In the entries below, find the line with "Wooden Boss Table" and the line with "Happy National Espresso Day!". Print those two and everything between them exactly, and nothing else.

Data extracts>
--------------------------------
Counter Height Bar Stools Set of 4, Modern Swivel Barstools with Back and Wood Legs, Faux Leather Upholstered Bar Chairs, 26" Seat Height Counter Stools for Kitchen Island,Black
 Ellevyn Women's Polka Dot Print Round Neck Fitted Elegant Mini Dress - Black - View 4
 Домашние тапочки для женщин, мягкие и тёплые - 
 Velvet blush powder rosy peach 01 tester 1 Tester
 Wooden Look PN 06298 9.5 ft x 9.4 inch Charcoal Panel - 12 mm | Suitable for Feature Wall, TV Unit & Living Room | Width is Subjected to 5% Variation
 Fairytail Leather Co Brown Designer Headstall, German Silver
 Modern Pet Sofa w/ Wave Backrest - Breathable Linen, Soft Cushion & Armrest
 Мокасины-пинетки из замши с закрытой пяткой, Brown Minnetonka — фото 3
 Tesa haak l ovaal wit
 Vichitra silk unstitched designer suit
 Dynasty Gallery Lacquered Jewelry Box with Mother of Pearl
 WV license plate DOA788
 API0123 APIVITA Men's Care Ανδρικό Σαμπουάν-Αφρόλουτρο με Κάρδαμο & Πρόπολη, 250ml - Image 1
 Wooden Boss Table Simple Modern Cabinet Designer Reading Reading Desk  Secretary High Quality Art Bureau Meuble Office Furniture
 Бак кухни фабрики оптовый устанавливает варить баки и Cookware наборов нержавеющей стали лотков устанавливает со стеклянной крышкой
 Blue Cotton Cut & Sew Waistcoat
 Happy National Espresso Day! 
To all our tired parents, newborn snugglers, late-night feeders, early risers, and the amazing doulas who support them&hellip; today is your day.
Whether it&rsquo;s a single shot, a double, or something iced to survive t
--------------------------------
Response to this task>
 Wooden Boss Table Simple Modern Cabinet Designer Reading Reading Desk  Secretary High Quality Art Bureau Meuble Office Furniture
 Бак кухни фабрики оптовый устанавливает варить баки и Cookware наборов нержавеющей стали лотков устанавливает со стеклянной крышкой
 Blue Cotton Cut & Sew Waistcoat
 Happy National Espresso Day! 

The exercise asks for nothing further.